Your assignment:
Please return exactly the lines below that run from the line with "Mercedes-Benz A-Klasse A180" through the end of the listing, both included, but not the pictures.

■ ■ ■

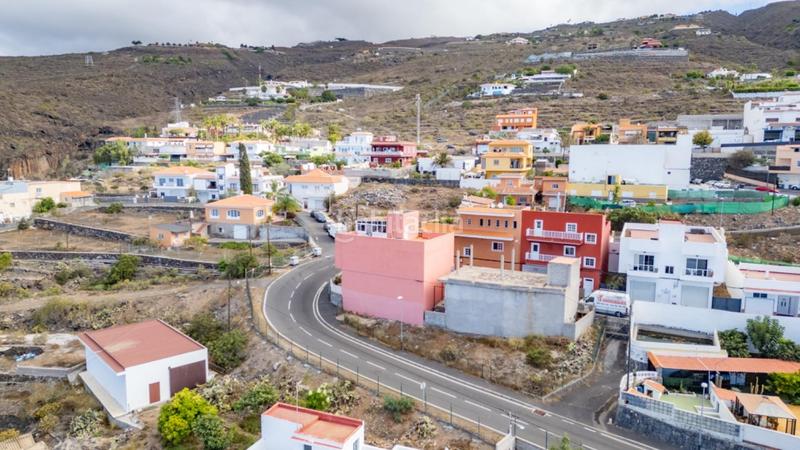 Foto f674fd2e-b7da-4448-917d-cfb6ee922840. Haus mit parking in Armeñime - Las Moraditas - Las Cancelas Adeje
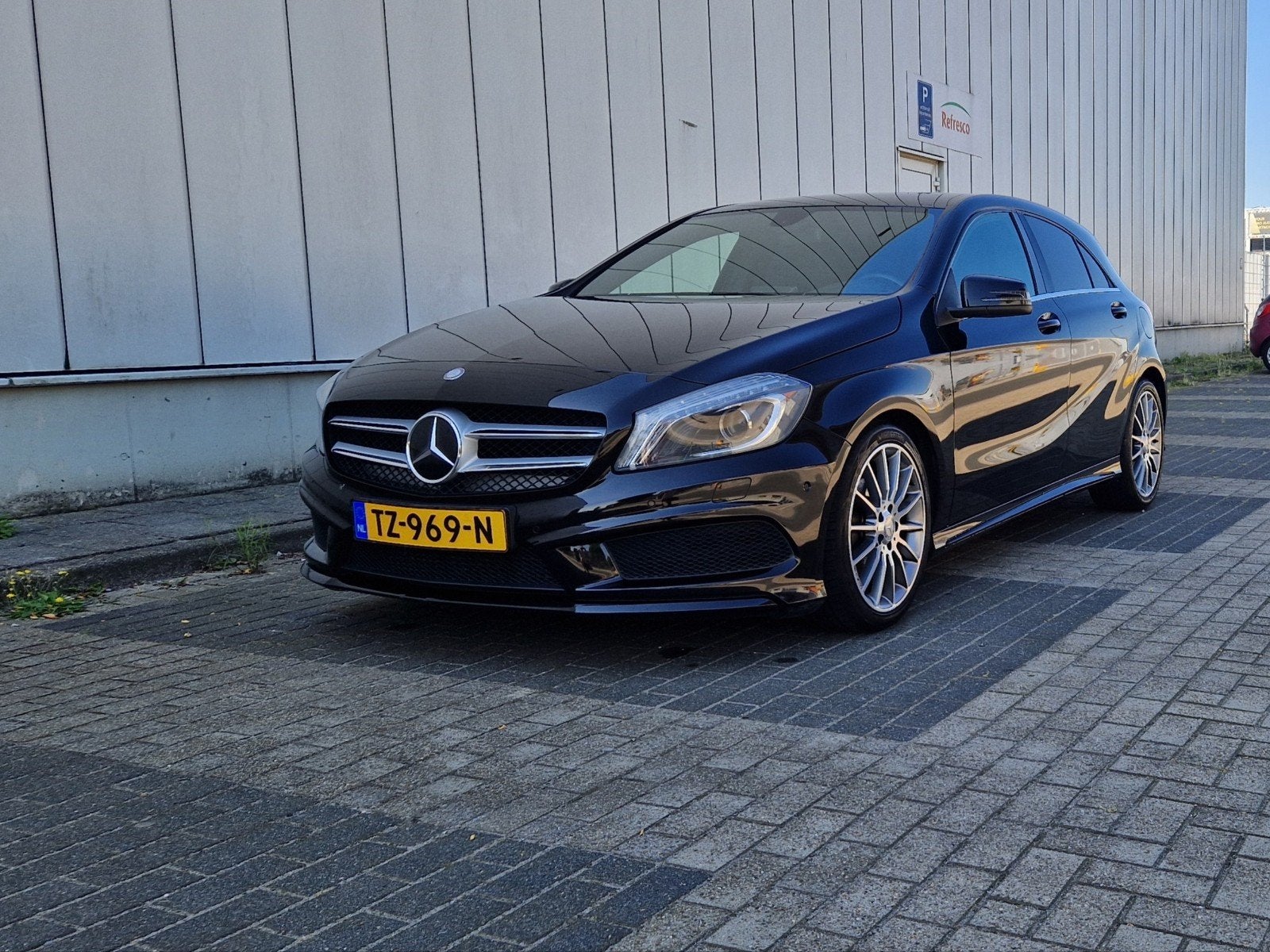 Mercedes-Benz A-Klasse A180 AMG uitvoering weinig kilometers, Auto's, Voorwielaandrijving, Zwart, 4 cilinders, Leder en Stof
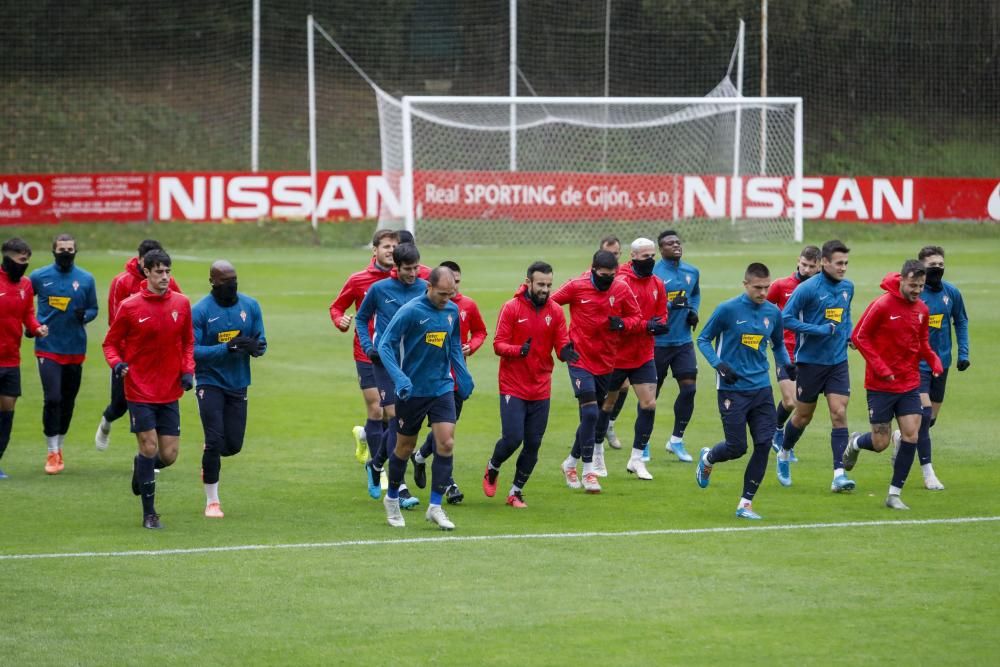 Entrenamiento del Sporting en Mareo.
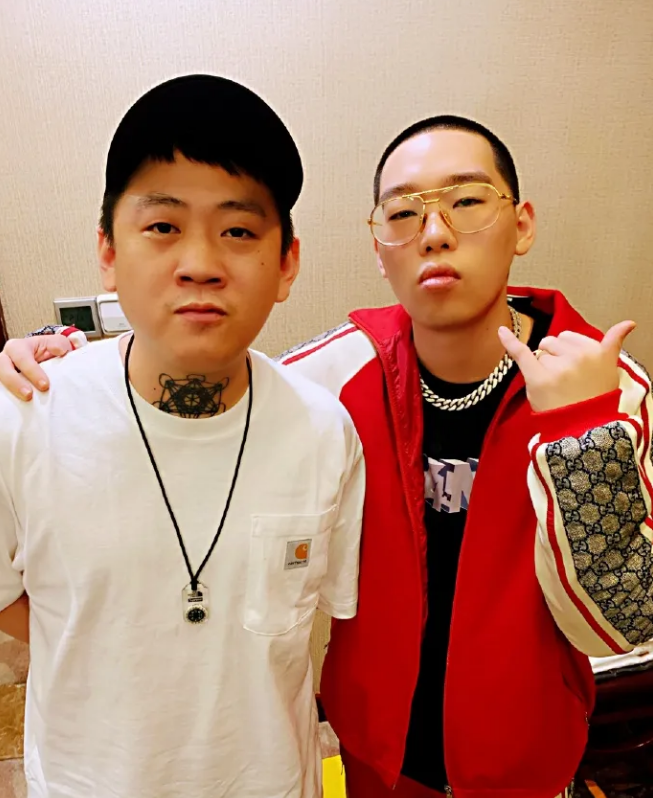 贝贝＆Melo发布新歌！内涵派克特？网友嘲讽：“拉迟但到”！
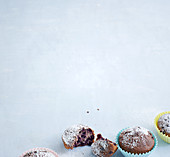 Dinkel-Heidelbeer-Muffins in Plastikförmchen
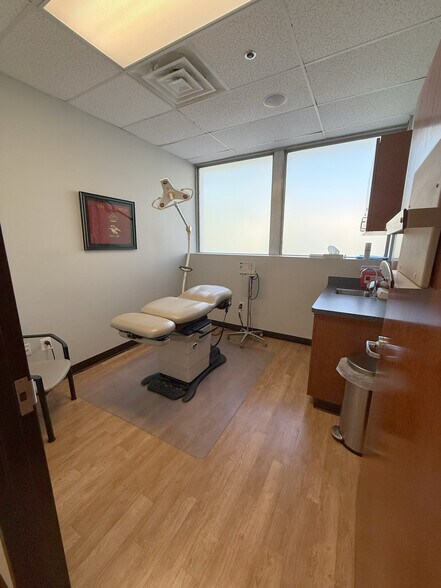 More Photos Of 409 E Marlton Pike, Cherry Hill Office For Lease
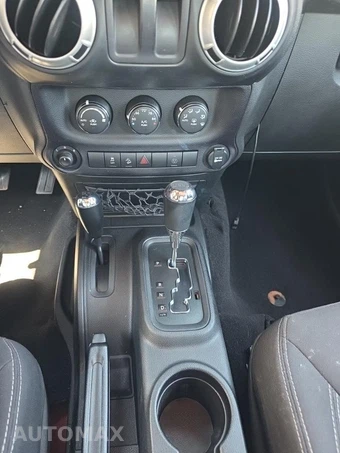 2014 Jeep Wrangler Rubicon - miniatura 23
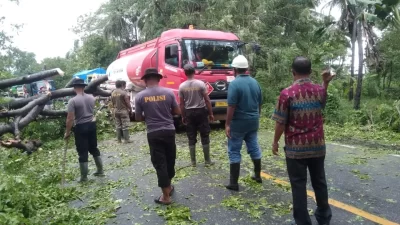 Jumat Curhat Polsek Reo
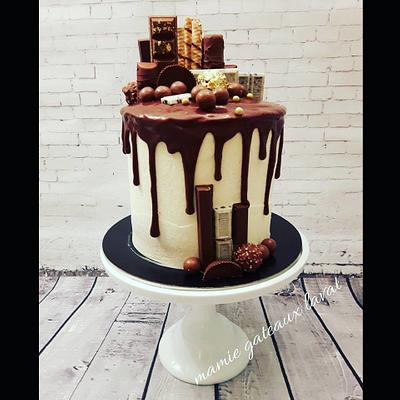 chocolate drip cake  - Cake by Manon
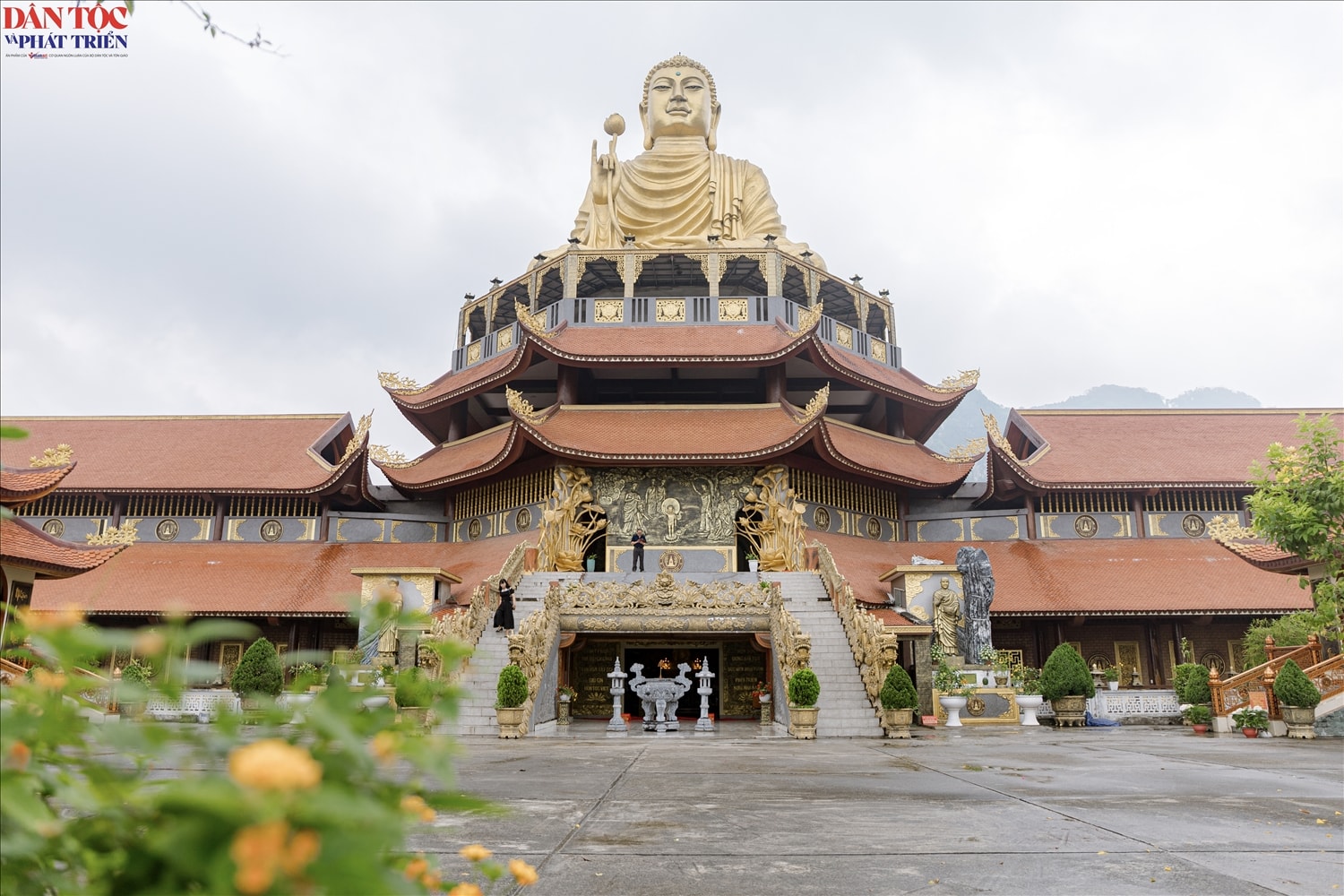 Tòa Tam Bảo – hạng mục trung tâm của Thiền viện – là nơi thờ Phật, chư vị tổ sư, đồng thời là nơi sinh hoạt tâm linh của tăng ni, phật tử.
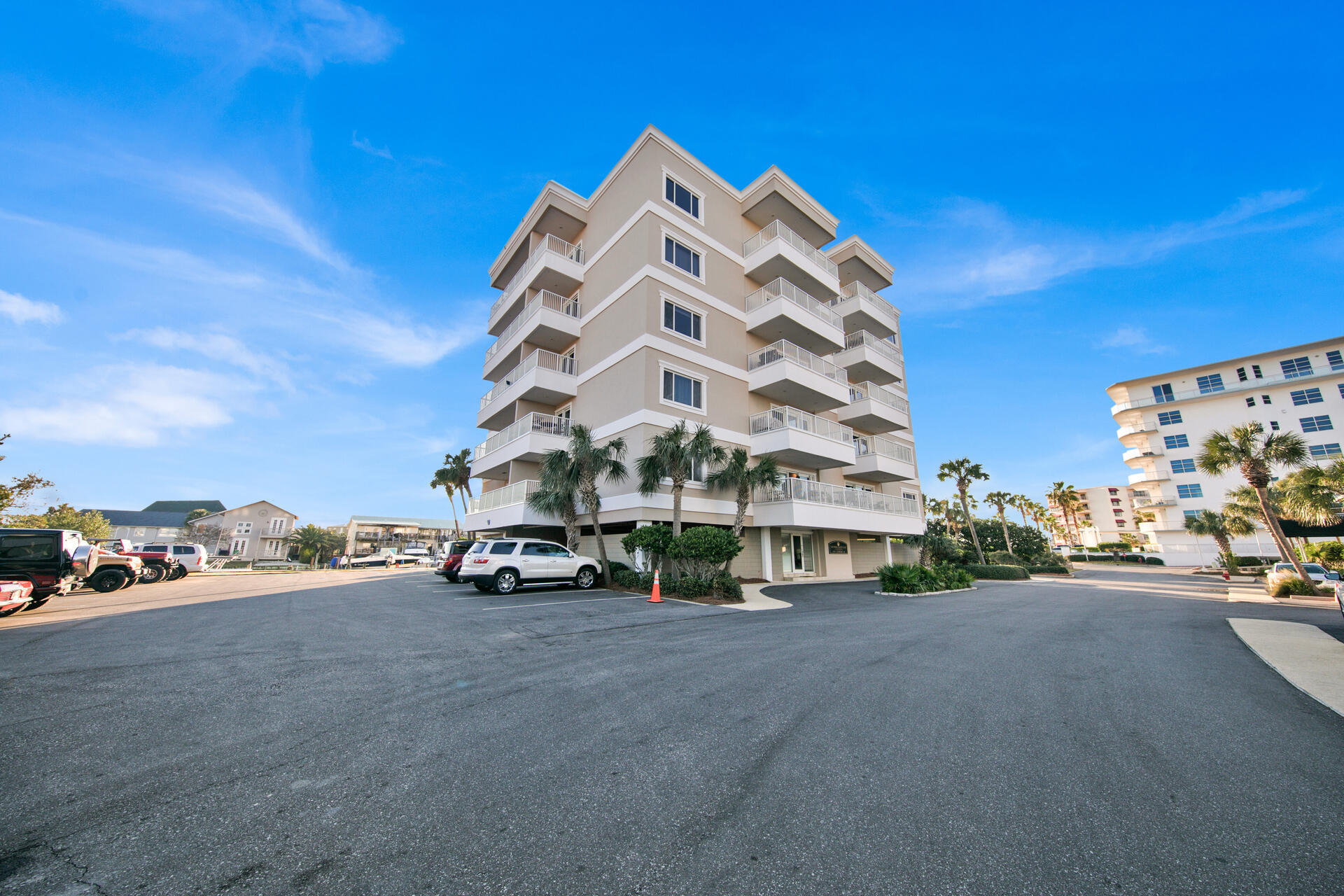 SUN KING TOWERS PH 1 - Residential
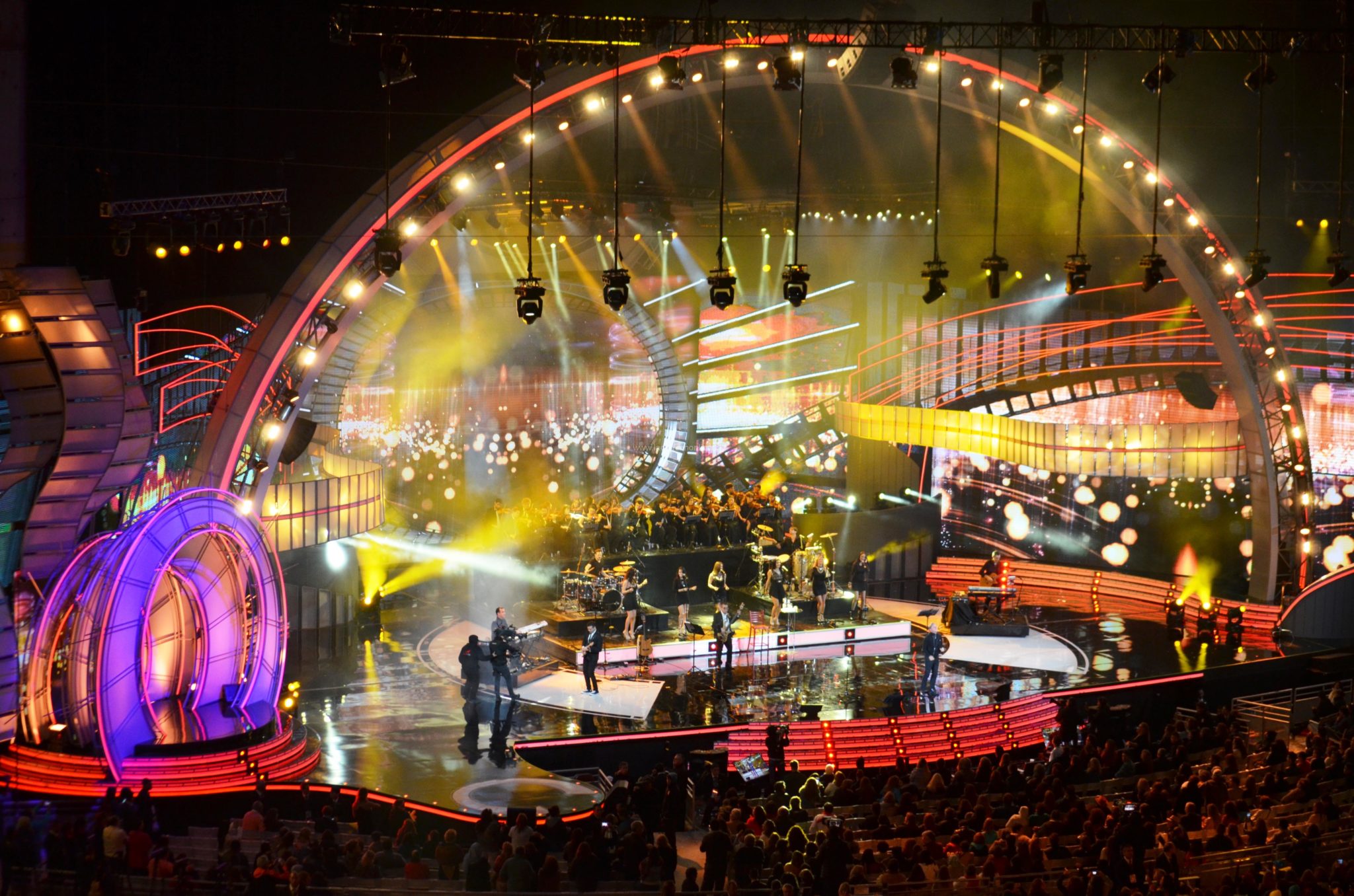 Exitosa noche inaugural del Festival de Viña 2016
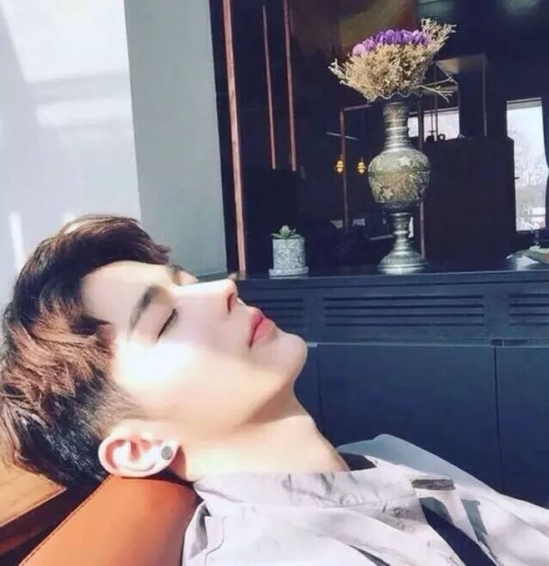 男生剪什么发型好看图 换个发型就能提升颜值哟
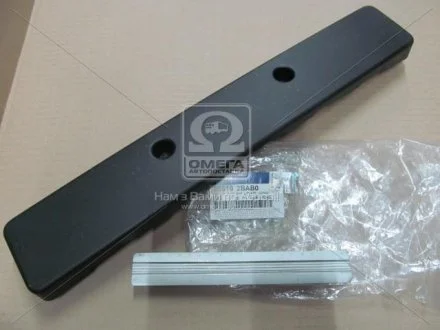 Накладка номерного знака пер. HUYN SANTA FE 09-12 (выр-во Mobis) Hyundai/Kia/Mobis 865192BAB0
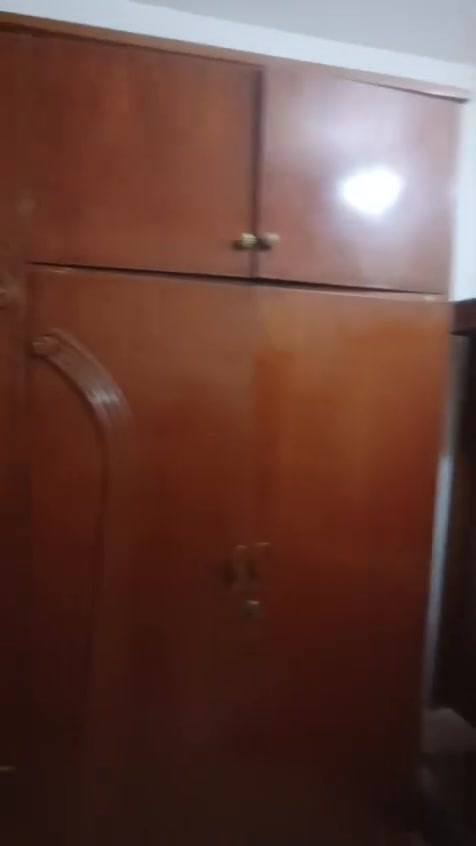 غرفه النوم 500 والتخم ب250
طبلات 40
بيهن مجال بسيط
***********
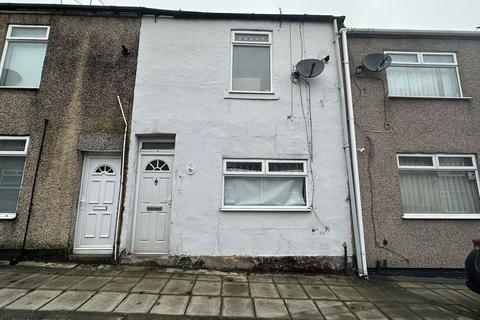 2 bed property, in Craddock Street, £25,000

■ ■ ■

Answer box:
 Mercedes-Benz A-Klasse A180 AMG uitvoering weinig kilometers, Auto's, Voorwielaandrijving, Zwart, 4 cilinders, Leder en Stof
 Entrenamiento del Sporting en Mareo.
 贝贝＆Melo发布新歌！内涵派克特？网友嘲讽：“拉迟但到”！
 Dinkel-Heidelbeer-Muffins in Plastikförmchen
 More Photos Of 409 E Marlton Pike, Cherry Hill Office For Lease
 2014 Jeep Wrangler Rubicon - miniatura 23
 Jumat Curhat Polsek Reo
 chocolate drip cake  - Cake by Manon
 Tòa Tam Bảo – hạng mục trung tâm của Thiền viện – là nơi thờ Phật, chư vị tổ sư, đồng thời là nơi sinh hoạt tâm linh của tăng ni, phật tử.
 SUN KING TOWERS PH 1 - Residential
 Exitosa noche inaugural del Festival de Viña 2016
 男生剪什么发型好看图 换个发型就能提升颜值哟
 Накладка номерного знака пер. HUYN SANTA FE 09-12 (выр-во Mobis) Hyundai/Kia/Mobis 865192BAB0
 غرفه النوم 500 والتخم ب250
طبلات 40
بيهن مجال بسيط
***********
 2 bed property, in Craddock Street, £25,000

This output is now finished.